The two accomplices were then confronted. Young, with unabashed
forehead, denied every thing. He knew nothing about the
flowerpots. "If so," cried Nottingham and Sidney together, "why
did you give such particular directions that the flowerpots at
Bromley should be searched?" "I never gave any directions about
the flowerpots," said Young. Then the whole board broke forth.
"How dare you say so? We all remember it." Still the knave stood
up erect, and exclaimed, with an impudence which Oates might have
envied, "This hiding is all a trick got up between the Bishop and
Blackhead. The Bishop has taken Blackhead off; and they are both
trying to stifle the plot." This was too much. There was a smile
and a lifting up of hands all round the board. "Man," cried
Caermarthen, "wouldst thou have us believe that the Bishop
contrived to have this paper put where it was ten to one that our
messengers had found it, and where, if they had found it, it
might have hanged him?"

The false accusers were removed in custody. The Bishop, after
warmly thanking the ministers for their fair and honourable
conduct, took his leave of them. In the antechamber he found a
crowd of people staring at Young, while Young sate, enduring the
stare with the serene fortitude of a man who had looked down on
far greater multitudes from half the pillories in England.
"Young," said Sprat, "your conscience must tell you that you have
cruelly wronged me. For your own sake I am sorry that you persist
in denying what your associate has confessed." "Confessed!" cried
Young; "no, all is not confessed yet; and that you shall find to
your sorrow. There is such a thing as impeachment, my Lord. When
Parliament sits you shall hear more of me." "God give you
repentance," answered the Bishop. "For, depend upon it, you are
in much more danger of being damned than I of being
impeached."281

Forty-eight hours after the detection of this execrable fraud,
Marlborough was admitted to bail.
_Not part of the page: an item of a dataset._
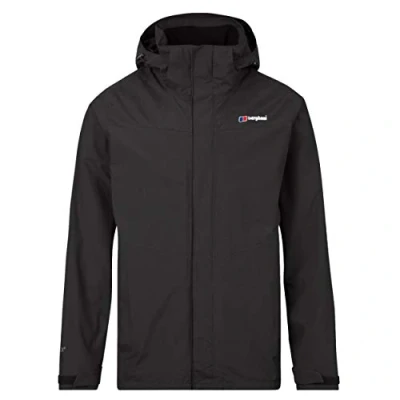 Image of Berghaus Hillwalker Jacket Waterproof jacket, Men&#039;s, Size: XS, Black/black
Young and Blackhead had done
him an inestimable service. That he was concerned in a plot quite
as criminal as that which they had falsely imputed to him, and
that the government was to possession of moral proofs of his
guilt, is now certain. But his contemporaries had not, as we
have, the evidence of his perfidy before them. They knew that he
had been accused of an offence of which he was innocent, that
perjury and forgery had been employed to ruin him, and that, in
consequence of these machinations, he had passed some weeks in
the Tower. There was in the public mind a very natural confusion
between his disgrace and his imprisonment. He had been imprisoned
without sufficient cause. Might it not, in the absence of all
information, be reasonably presumed that he had been disgraced
without sufficient cause? It was certain that a vile calumny,
destitute of all foundation, had caused him to be treated as a
criminal in May. Was it not probable, then, that calumny might
have deprived him of his master's favour in January?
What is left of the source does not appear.